Para o efeito foram afixados dois editais, um à porta do Tribunal Judicial de Viana do Castelo e outro à porta da sede da Junta de Freguesia da freguesia de
Chafé.
Decorrido o prazo dos éditos foi nomeado curador à D, tendo ela sido citada na pessoa deste.
Feita a descrição de bens e porque na conferência de interessados não houve acordo sobre a composição dos quinhões efectuaram-se licitações.
O único bem descrito foi licitado pela cabeça de casal por 4100000 escudos.
Do valor dos bens cabiam três quartos à D.
Elaborado o mapa da partilha veio ela arguir a nulidade da citação edital por, nos termos do artigo 245 n. 3 do
Código de Processo Civil, a cabeça de casal não ter indicado correctamente a última residência do citando em Portugal e, ainda, por não ter sido afixado qualquer edital à porta da casa da sua residência neste país. O Excelentíssimo Juiz desatendeu o pedido.

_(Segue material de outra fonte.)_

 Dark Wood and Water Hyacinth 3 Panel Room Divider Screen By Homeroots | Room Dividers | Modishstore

Inconformada, a D recorreu da citada decisão, tendo o recurso sido admitido como agravo e com subida diferida.
Recorreu igualmente a referida D da sentença homologatória da partilha.

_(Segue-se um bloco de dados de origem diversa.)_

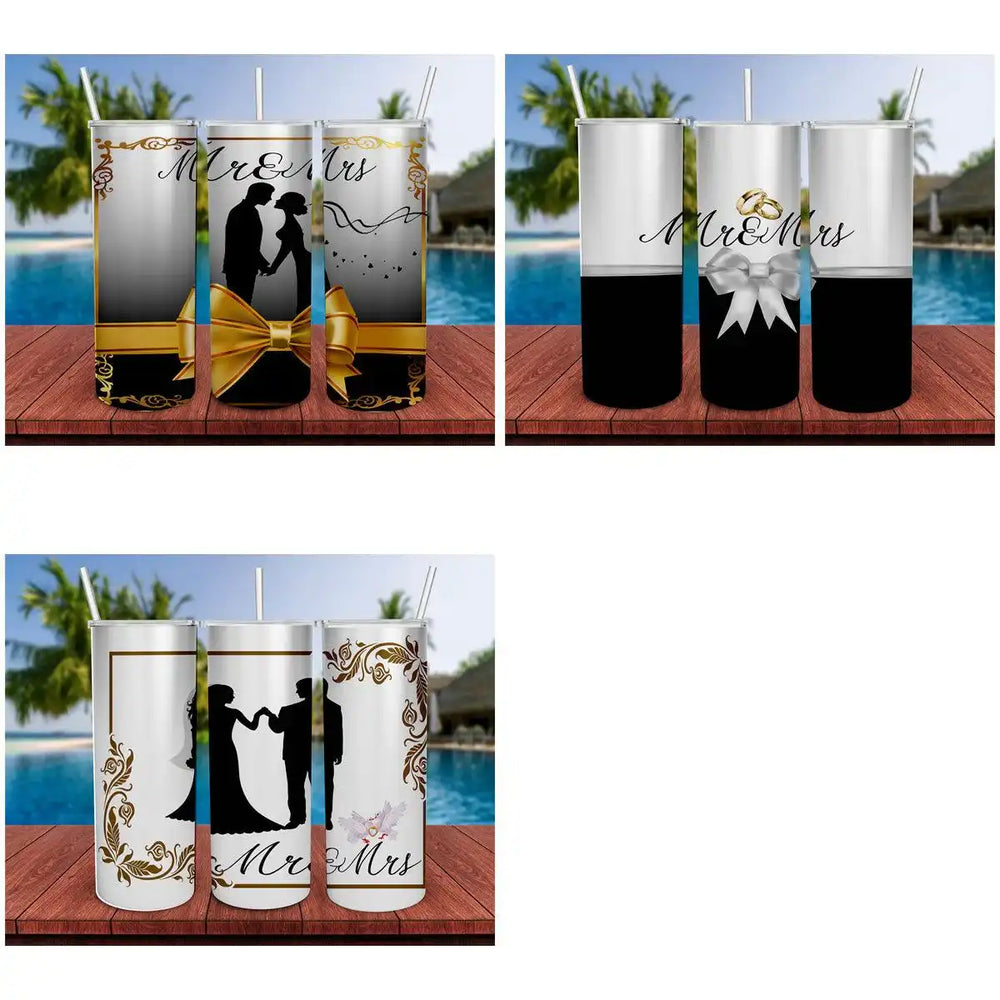 7 Romantic Wedding Tumbler Wrap Designs Bundle JPG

A Relação deu provimento ao agravo ordenando a substituição do despacho recorrido por outro que
"anule todo o processado a partir da descrição dos bens e ordene a citação pessoal da recorrente para os termos do inventário" e não conhecem do objecto da apelação.

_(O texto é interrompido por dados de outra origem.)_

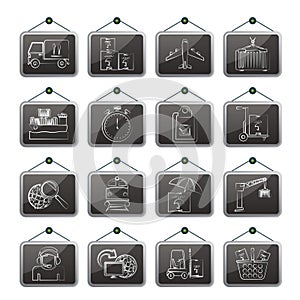 Cargo, shipping and logistic icons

Inconformados, a cabeça de casal e o representante do inventário interpuseram recurso desta decisão, na parte em que negou provimento ao agravo.
Nas suas alegações apresentaram as seguintes conclusões:
1- A citação edital foi correctamente empregue.
2- Não existiu nos autos qualquer irregularidade ou omissão susceptível de pôr em causa a citação edital empregue ou de causar qualquer prejuízo à interessada D;
3- A interessada D sempre esteve representada nos autos através de um curador que lhe foi nomeado e exerceu as suas funções;
4- Ao decidir de forma diversa, o acórdão da Relação violou o disposto nos artigos 228-A e 198 n. 2 do
Código de Processo Civil.
A recorrida contra-alegou em defesa do julgado e pediu a condenação dos recorrentes, como litigantes de má fé em multa e indemnização nunca inferior a cem mil escudos.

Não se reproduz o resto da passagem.